*Work instruction*:
Your copy should begin with the line containing "105 Danny Ct, Louisville, KY 40214", end with the line containing "2025 Toyota Corolla Cross L Kennewick WA", match the listing below exactly, and contain no pictures.

╭──

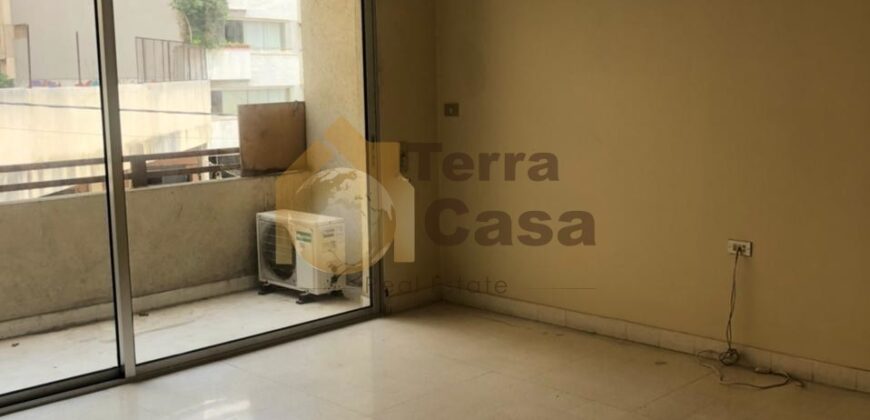 Apartment nice location cash payment . Ref#2920
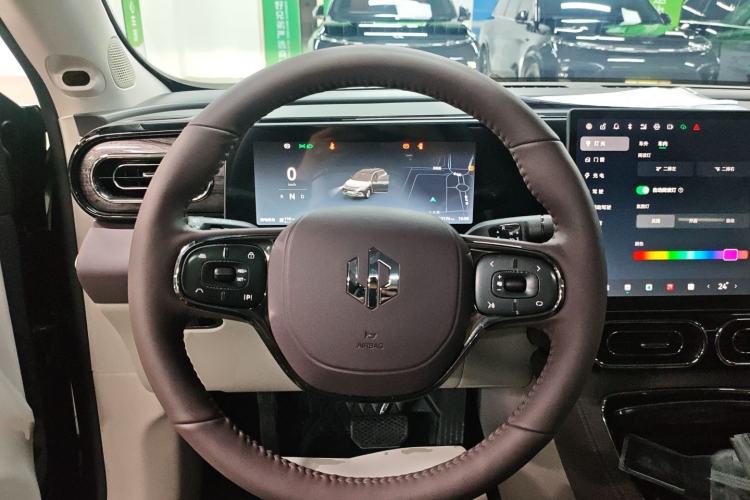 Used Leapmotor C11 2024 Range-Extended 300 Luxury Edition Steering Wheel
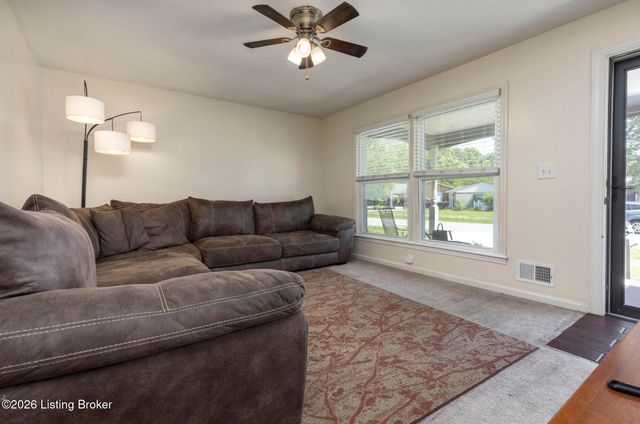 105 Danny Ct, Louisville, KY 40214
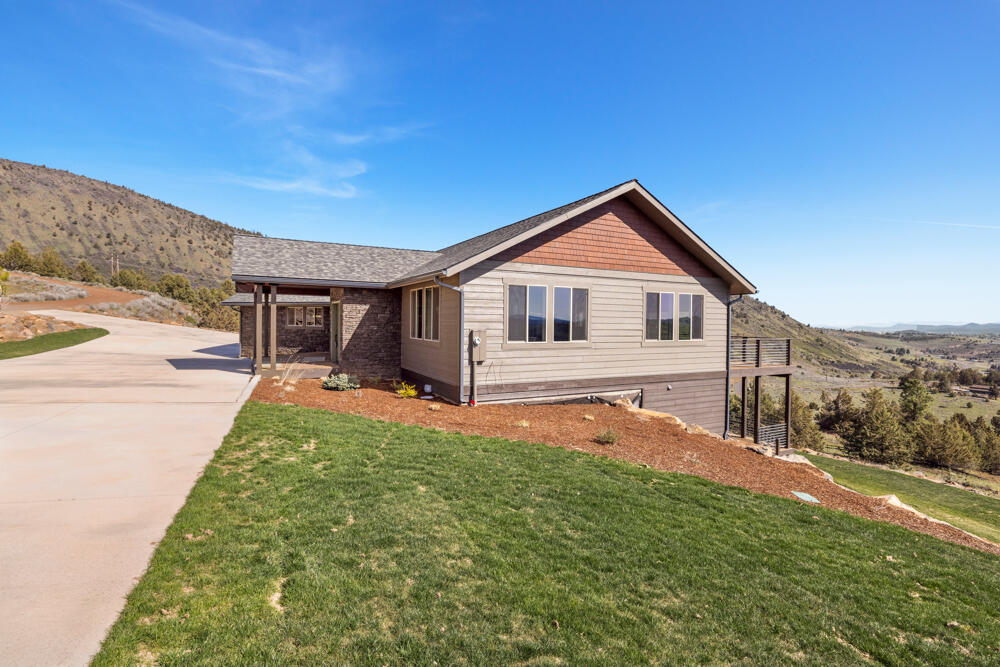 Klamath Falls, Oregon, 97601, United States, 3 Bedrooms Bedrooms, ,4 BathroomsBathrooms,Residential,For Sale,1794380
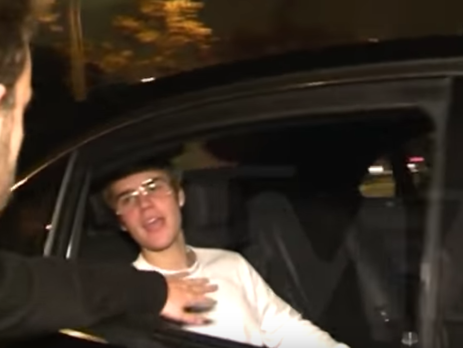 Бибер разбил губу своему фанату. Видео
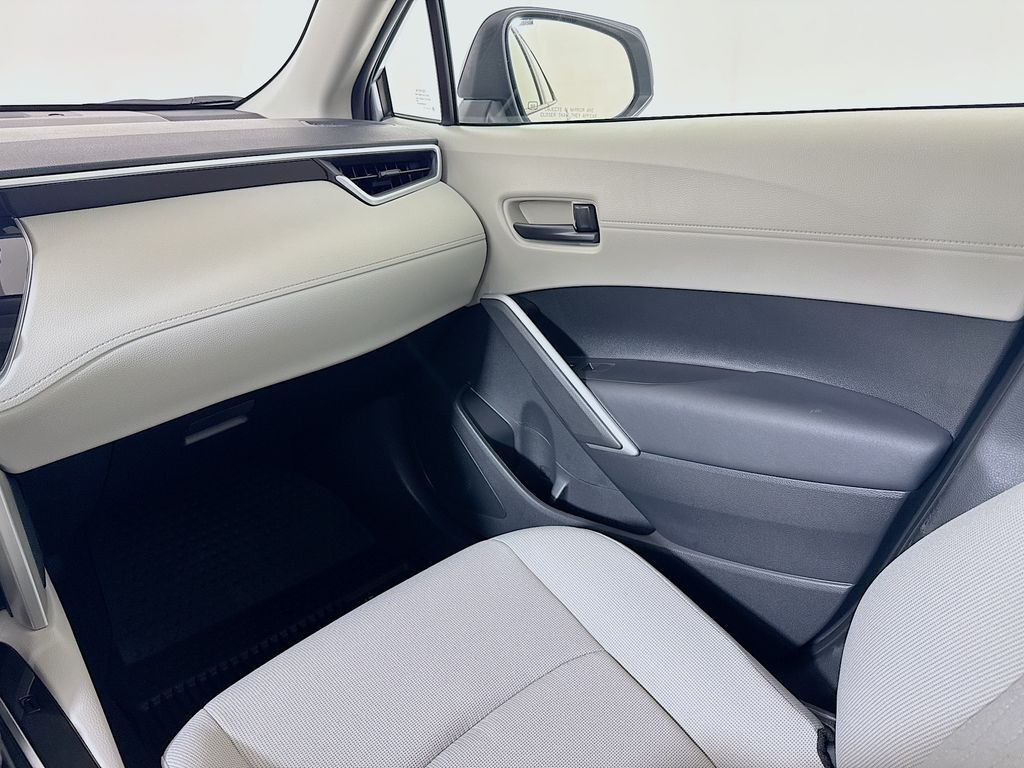 2025 Toyota Corolla Cross L Kennewick WA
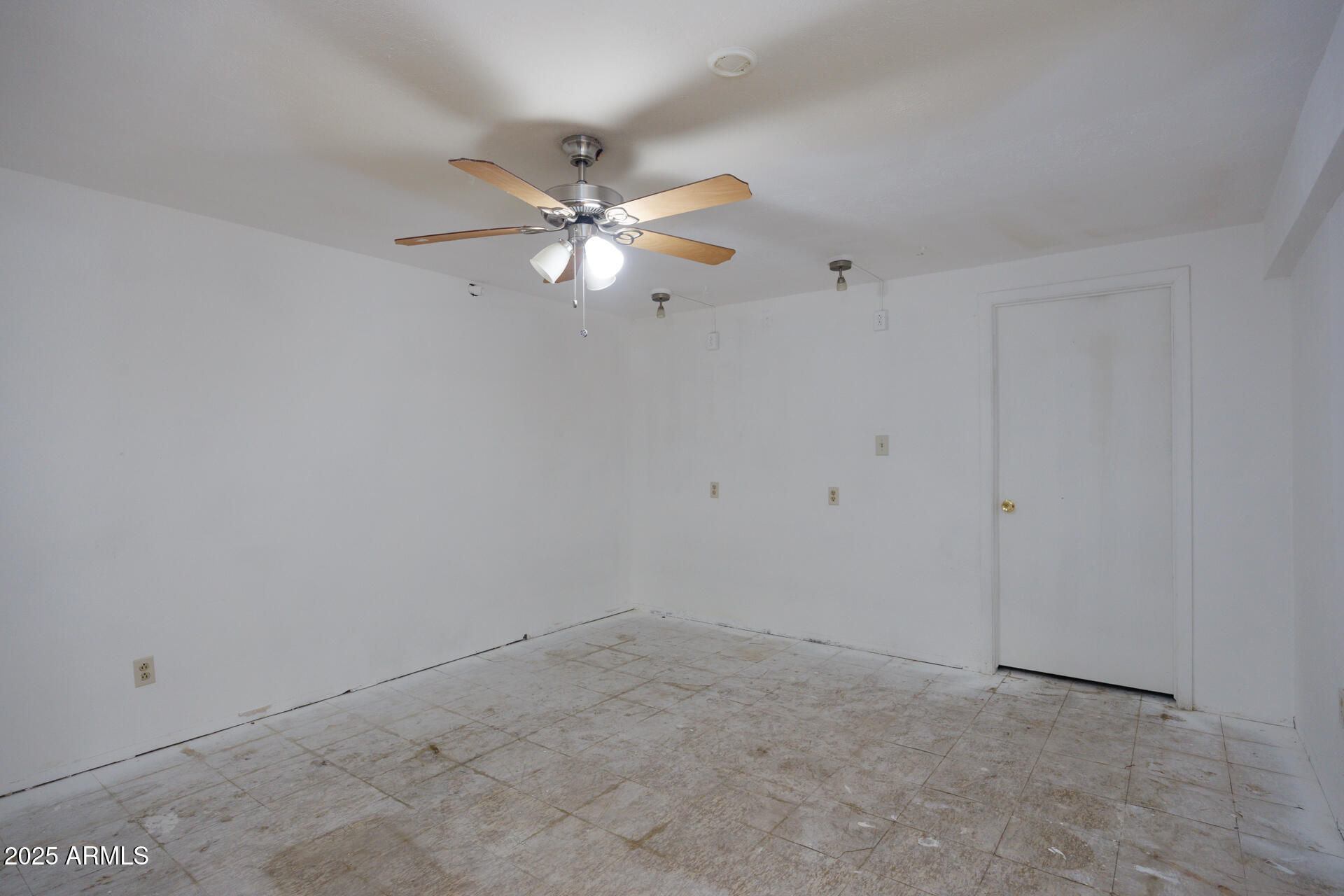 15094 West Earley Road Casa Grande, AZ 85122 - Photo 46 of 68 Sub-Basement Secondary Room View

╰──

*Solved problem*:
 105 Danny Ct, Louisville, KY 40214
 Klamath Falls, Oregon, 97601, United States, 3 Bedrooms Bedrooms, ,4 BathroomsBathrooms,Residential,For Sale,1794380
 Бибер разбил губу своему фанату. Видео
 2025 Toyota Corolla Cross L Kennewick WA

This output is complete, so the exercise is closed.